Most people are well-intentioned, most of the time. It's easy to overlook the exceptions (I plead guilty!) during day-to-day life and make the tacit assumption that everybody is rational, peaceful, and productive. But that benign postulate becomes suddenly dangerous when one starts to design social systems.
A nation, a corporation, or a community has to be able to handle "broken components" --- people who are somewhat crazy, dysfunctional, maybe even malign. Such disruptive forces need to be absorbed and dissipated so that they don't destroy the larger good that the organization is striving to achieve. And it has to be done gently, since often the problem is only a temporary one. The individual who is causing trouble now will soon return to being a positive contributor, maybe even a saviour of the whole outfit.

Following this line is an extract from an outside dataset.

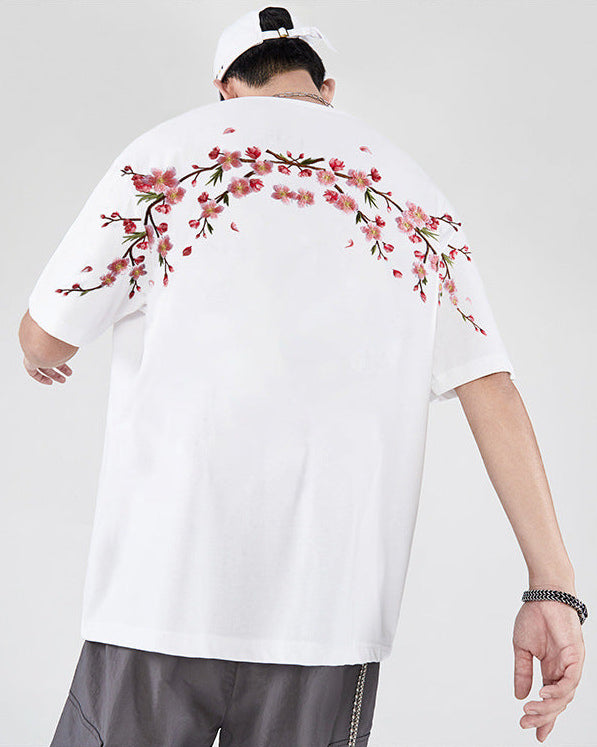 Sakura Embroidered Shirt | Japanese Cherry Blossom T-Shirt – KUNOJI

But how to achieve that delicate balance? There aren't any cookbook formulæ. Social reformers who propose simple answers usually aren't looking at both sides of the equation. Some point (correctly) to the gross inefficiencies and injustices of a system, and overlook the fact that those may be an insurance policy against rare but dangerous behavior. And on the opposite shore are those who focus on immediate punishment to the exclusion of mercy and charity. They miss the chance to move in the longer term toward a fairer and more productive society.
Sometimes a group evolves naturally toward a healthy configuration, with reasonable checks and balances among its members so that good people can do good and naughty people can't do (much) harm. Other times the natural evolutionary process breaks down --- and we get a police state, or tribal war, or large-scale corruption. How can one encourage the growth of a sound, robust system?